* **Task material**:
########################################
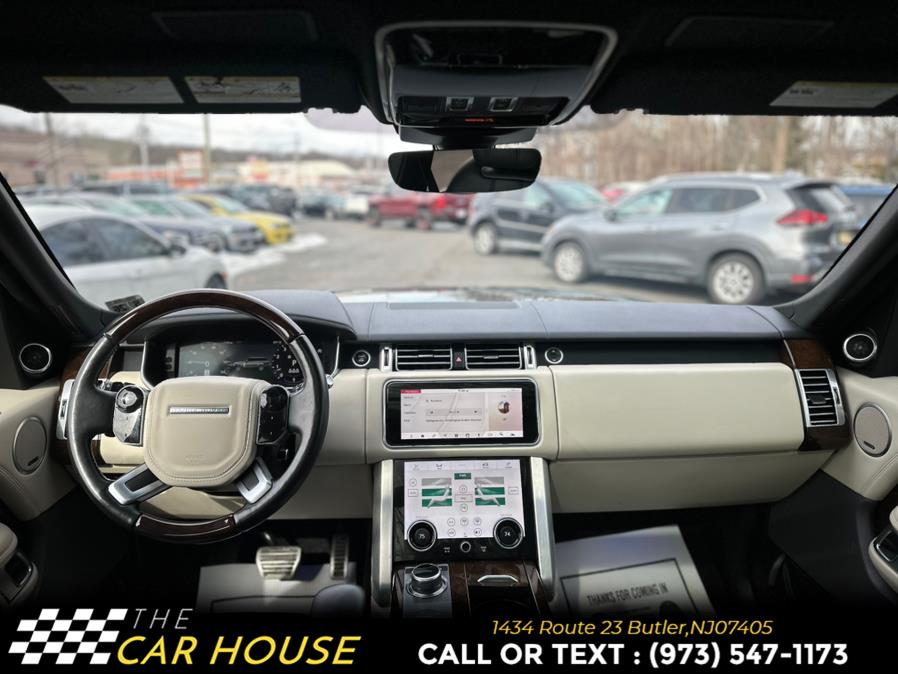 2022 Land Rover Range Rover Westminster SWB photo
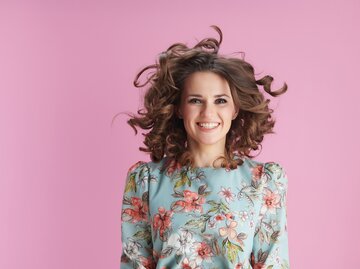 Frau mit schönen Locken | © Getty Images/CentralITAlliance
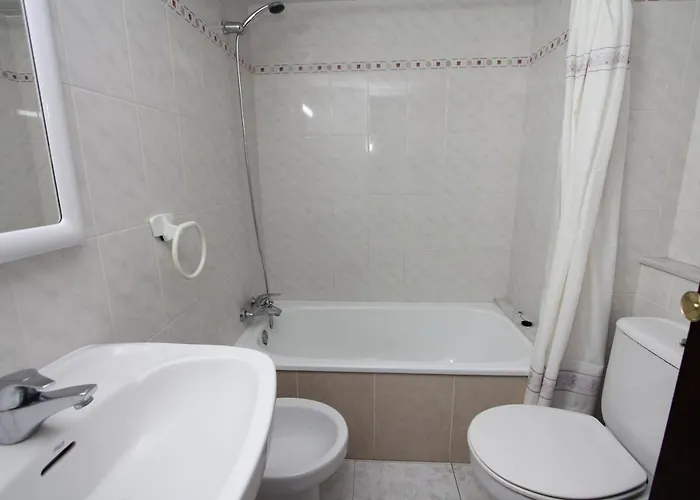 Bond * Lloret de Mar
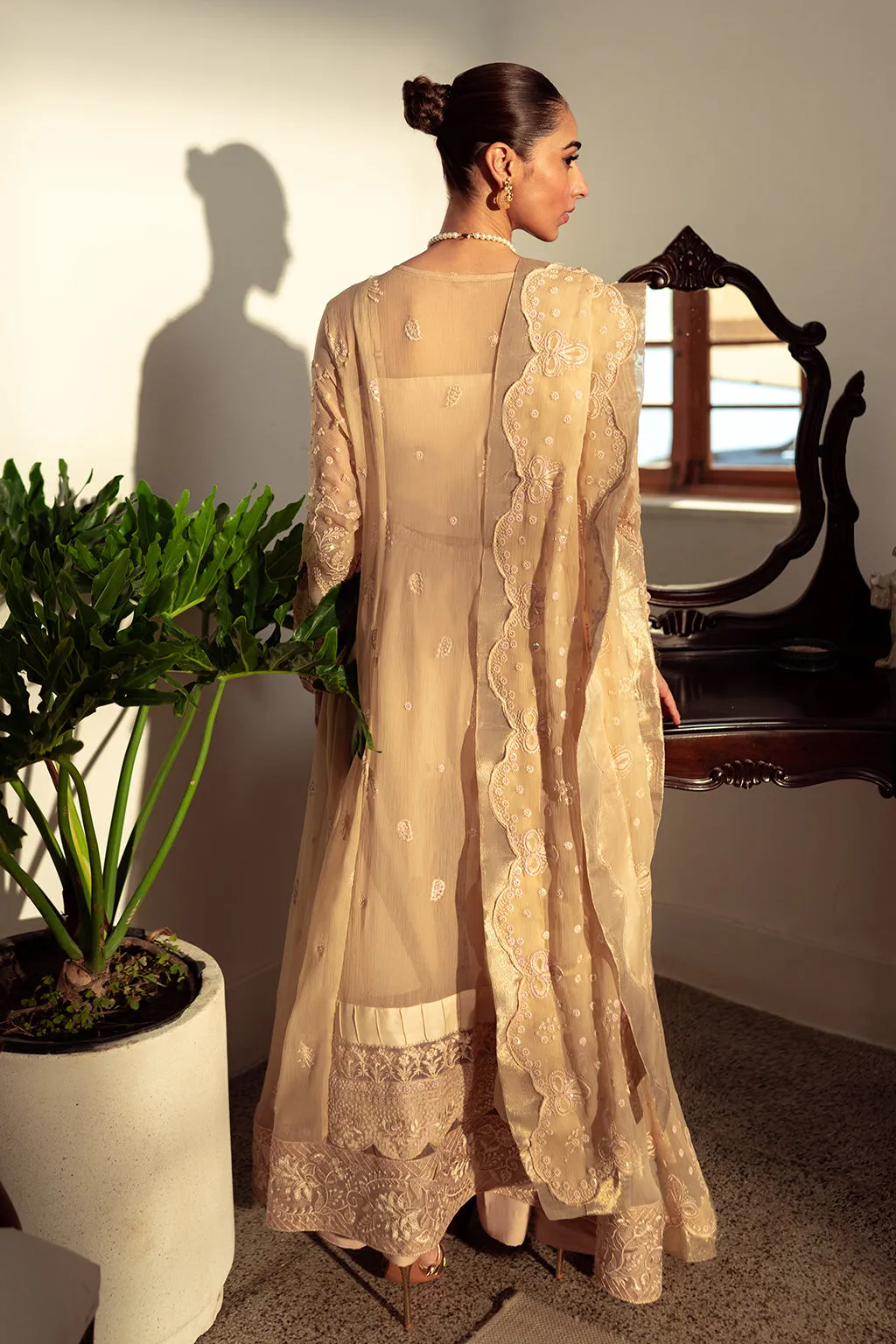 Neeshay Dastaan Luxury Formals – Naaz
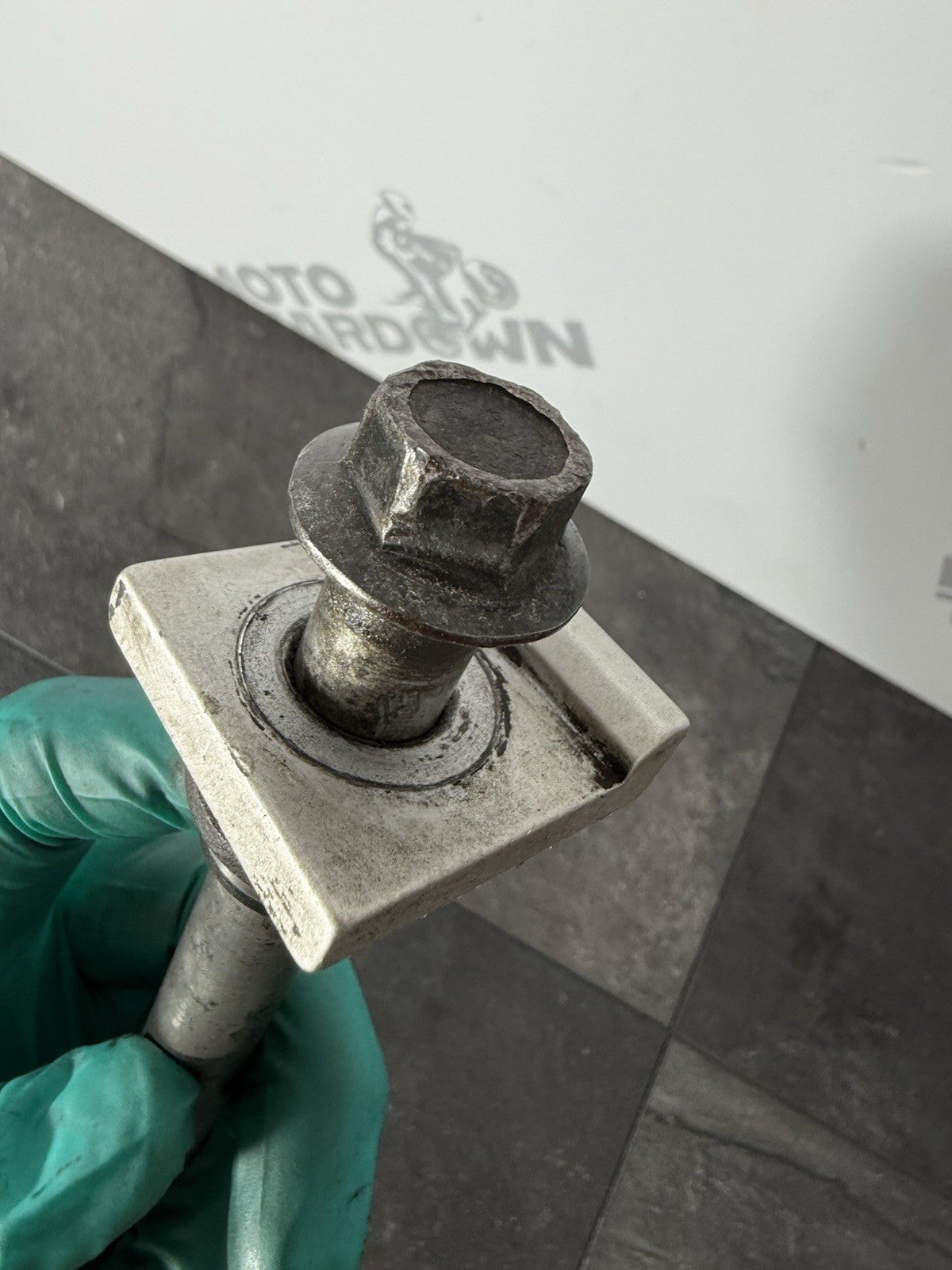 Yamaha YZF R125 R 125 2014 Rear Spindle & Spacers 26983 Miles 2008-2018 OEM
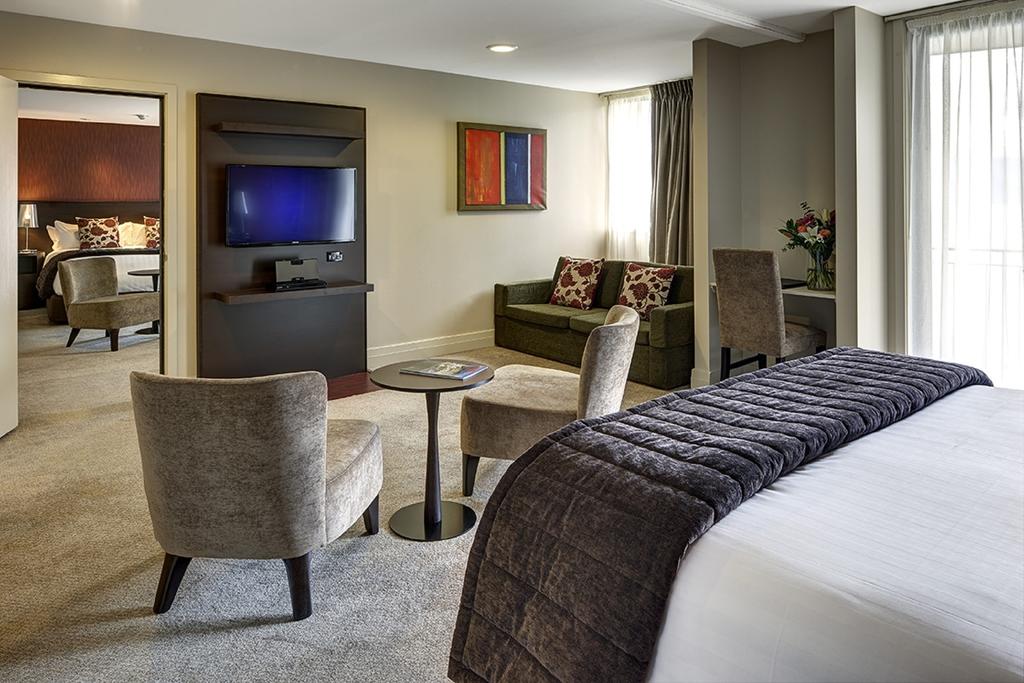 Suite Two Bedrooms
########################################
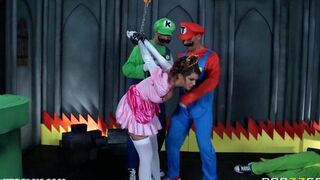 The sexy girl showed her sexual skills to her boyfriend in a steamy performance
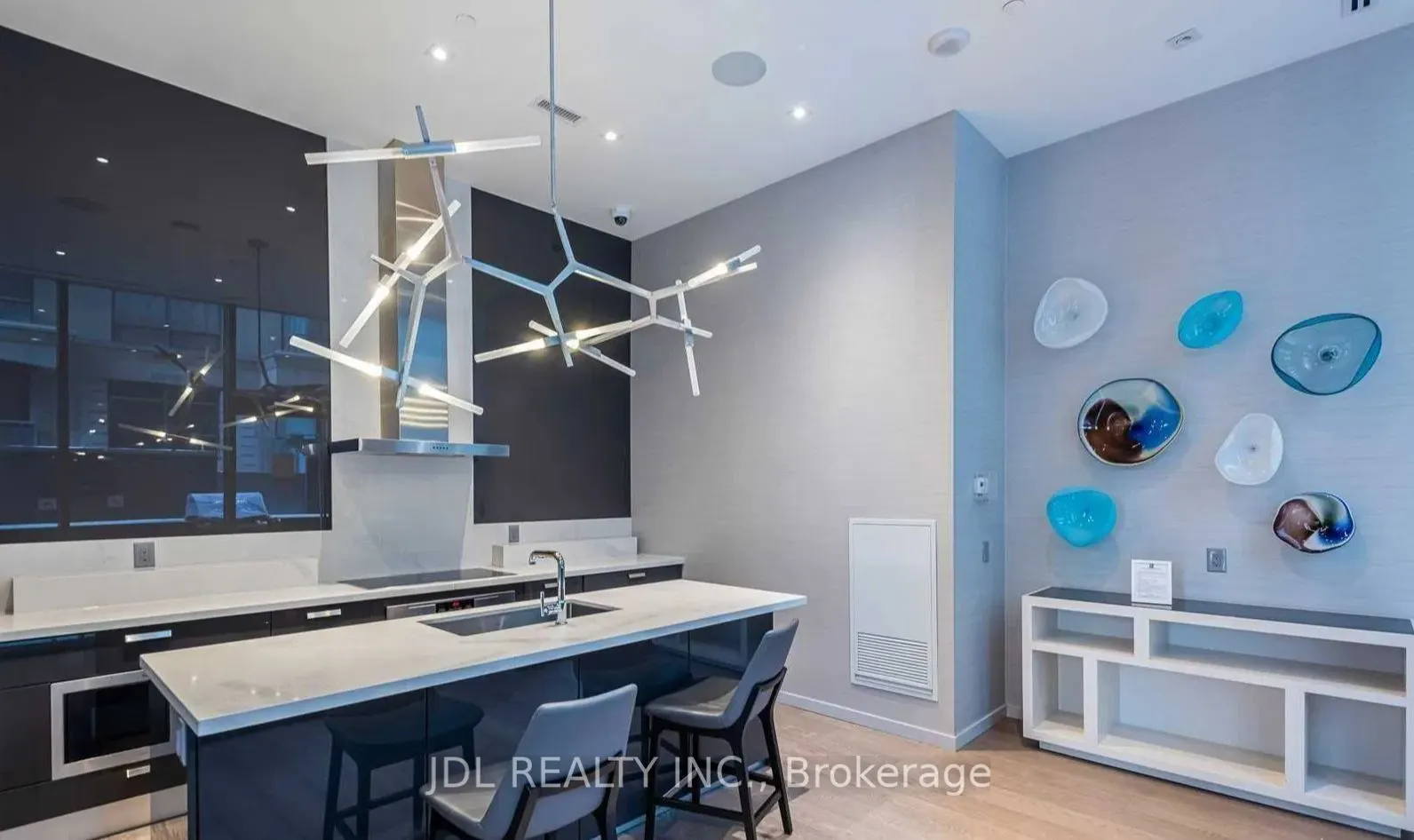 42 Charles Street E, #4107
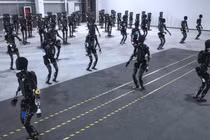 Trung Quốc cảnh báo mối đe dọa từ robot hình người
########################################
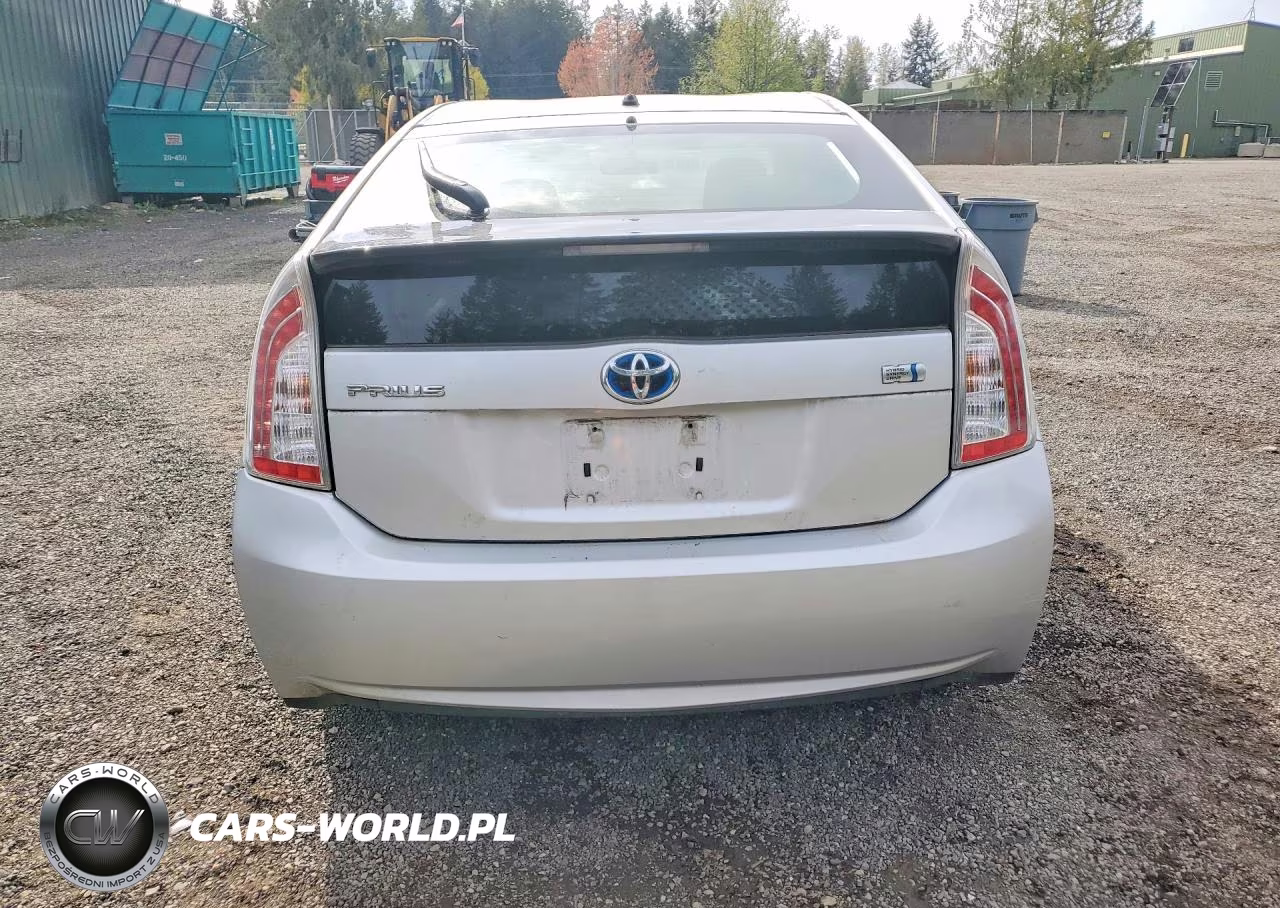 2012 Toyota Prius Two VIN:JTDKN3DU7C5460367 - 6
########################################
* **What is needed**: From the records above, give again only the part that opens with the line containing "Bond * Lloret de Mar" and closes with the line containing "Suite Two Bedrooms". Keep both ends but drop the pictures.

* **Response to this exercise**:
 Bond * Lloret de Mar
 Neeshay Dastaan Luxury Formals – Naaz
 Yamaha YZF R125 R 125 2014 Rear Spindle & Spacers 26983 Miles 2008-2018 OEM
 Suite Two Bedrooms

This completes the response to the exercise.